LONG running concerns surrounding the management of The Pillars cliff jumping site continue to frustrate Mornington Peninsula Shire Council.
While it acknowledges that the amenity of Mount Martha residents needs to be protected from discarded litter, overcrowded streets, and even occasional abuse from unwanted visitors, there’s no denying they will continue to come – and to climb through, or over, fences to get to the water.
The Pillars remain a major visitor attraction, despite lack of parking or ease of access.
The mayor Cr Despi O’Connor said while the shire had “trialed a range of actions as part of a long term Pillars’ management plan, we continue to welcome any ideas for consideration that will help address some of the local challenges”.
During a recent interview on ABC Radio with morning presenter Virginia Trioli, the mayor mentioned the need to “think out of the box” to fix these “challenges”.
“The fence wasn’t working; people were still getting in there,” she said later, referring to concrete blocks, wire barriers and signs erected along the Esplanade during the 2018-2019 summer to keep thrill-seekers at bay.
Police refused to climb the fence to check on alcohol bans brought in by the shire at The Pillars and nearby streets.
The shire has used a drone to monitor the site but adopted no new tactics – possibly because no one has thought of anything “out of the box” – since closing tracks, revegetating areas if clifftop and erecting signs aimed at reducing erosion and warning visitors of cliff instability.
The shire’s website says surrounding streets will continue to be patrolled for illegal parking and fines will be issued wherever possible.

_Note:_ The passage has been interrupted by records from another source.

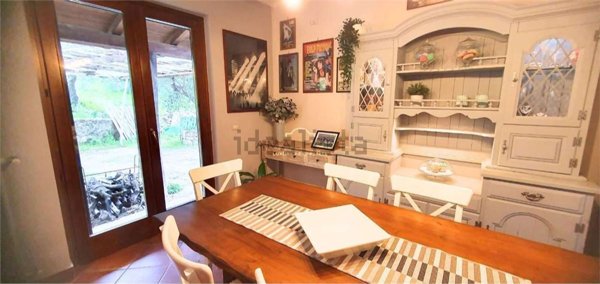 casa indipendente in vendita a Casal Velino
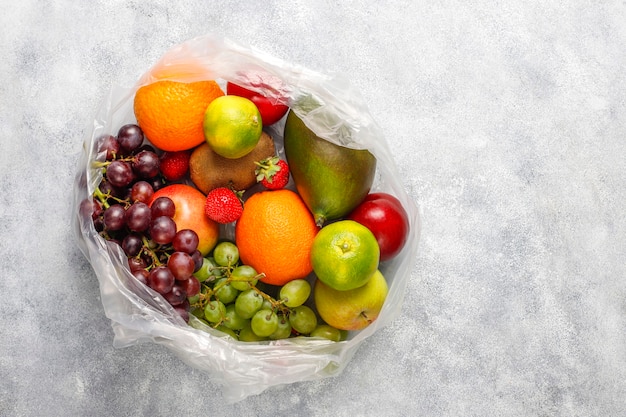 Assortiment de fruits et de baies biologiques frais.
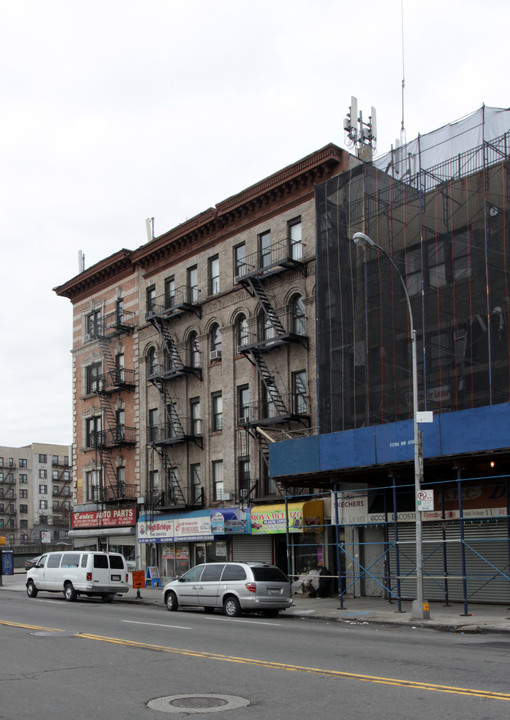 2402 Amsterdam Ave in New York, NY - Foto de edificio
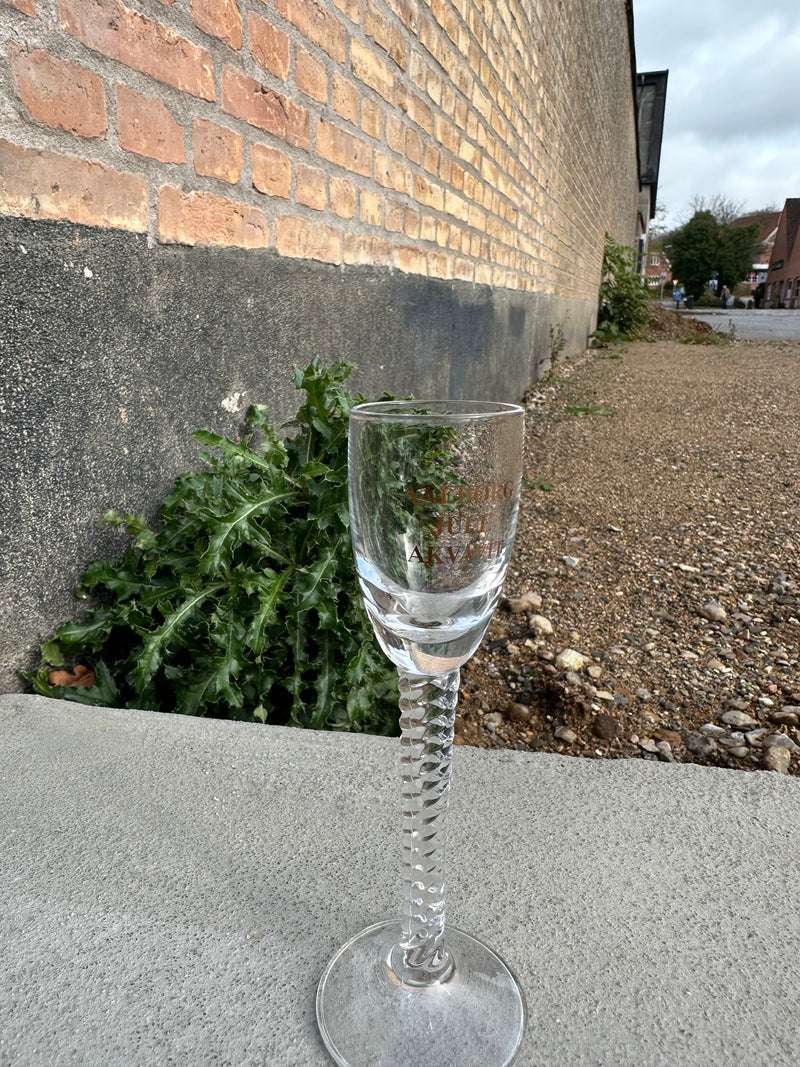 Snaps glas ~ Aalborg jule akavit.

Litter will be collected, and shire bins emptied daily during peak season. Officers would monitor visitor numbers and other activities.
Cr O’Connor said any long term management plan would include information about Aboriginal shell middens. “Two … middens were recorded during the 1970s and a further shell midden and artefact scatter have been recorded within 200 metres of the activity area”.
“This is evidence of the significant value of the area in our cultural heritage and living culture.”
She said Aboriginals would most likely have been “jumping off the cliffs” for a seaside frolic over millennia. “It’s just knowledge that I know,” she said.
The shire will continue to work with the community, state government, Victoria Police, Country Fire Authority, Parks Victoria, Life Saving Victoria and Bunurong Land Council to implement actions as part of its long term management plan, the mayor said.